##### DATA SUPPLIED #####
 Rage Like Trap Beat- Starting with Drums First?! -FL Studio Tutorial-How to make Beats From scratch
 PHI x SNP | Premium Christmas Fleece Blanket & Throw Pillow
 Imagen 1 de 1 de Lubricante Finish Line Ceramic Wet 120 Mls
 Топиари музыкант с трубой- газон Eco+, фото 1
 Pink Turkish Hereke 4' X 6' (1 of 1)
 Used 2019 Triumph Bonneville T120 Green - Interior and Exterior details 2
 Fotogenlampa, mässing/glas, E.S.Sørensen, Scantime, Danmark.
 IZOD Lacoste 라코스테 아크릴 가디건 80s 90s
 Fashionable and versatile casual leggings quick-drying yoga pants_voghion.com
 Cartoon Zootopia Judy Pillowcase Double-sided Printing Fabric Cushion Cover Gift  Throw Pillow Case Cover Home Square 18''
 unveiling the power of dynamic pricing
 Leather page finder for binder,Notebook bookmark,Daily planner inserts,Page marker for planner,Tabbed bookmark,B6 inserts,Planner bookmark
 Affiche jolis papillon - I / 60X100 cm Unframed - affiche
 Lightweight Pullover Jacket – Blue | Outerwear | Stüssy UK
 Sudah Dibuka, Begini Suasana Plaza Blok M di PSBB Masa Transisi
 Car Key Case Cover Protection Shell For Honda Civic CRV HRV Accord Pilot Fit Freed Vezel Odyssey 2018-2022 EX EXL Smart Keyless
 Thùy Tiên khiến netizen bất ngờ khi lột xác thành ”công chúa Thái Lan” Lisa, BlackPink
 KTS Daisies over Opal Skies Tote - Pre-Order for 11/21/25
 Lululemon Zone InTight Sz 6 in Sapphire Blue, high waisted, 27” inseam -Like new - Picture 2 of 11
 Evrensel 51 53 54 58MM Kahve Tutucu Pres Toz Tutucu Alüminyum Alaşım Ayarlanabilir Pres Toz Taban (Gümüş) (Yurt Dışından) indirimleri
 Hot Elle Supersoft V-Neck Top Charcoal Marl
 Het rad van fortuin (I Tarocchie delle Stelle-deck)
#####
_YOUR INSTRUCTIONS_. Beginning with the line that holds "Thùy Tiên khiến", restate word for word every line down to the end of the data, and only those lines.

_EXERCISE OUTPUT_.
 Thùy Tiên khiến netizen bất ngờ khi lột xác thành ”công chúa Thái Lan” Lisa, BlackPink
 KTS Daisies over Opal Skies Tote - Pre-Order for 11/21/25
 Lululemon Zone InTight Sz 6 in Sapphire Blue, high waisted, 27” inseam -Like new - Picture 2 of 11
 Evrensel 51 53 54 58MM Kahve Tutucu Pres Toz Tutucu Alüminyum Alaşım Ayarlanabilir Pres Toz Taban (Gümüş) (Yurt Dışından) indirimleri
 Hot Elle Supersoft V-Neck Top Charcoal Marl
 Het rad van fortuin (I Tarocchie delle Stelle-deck)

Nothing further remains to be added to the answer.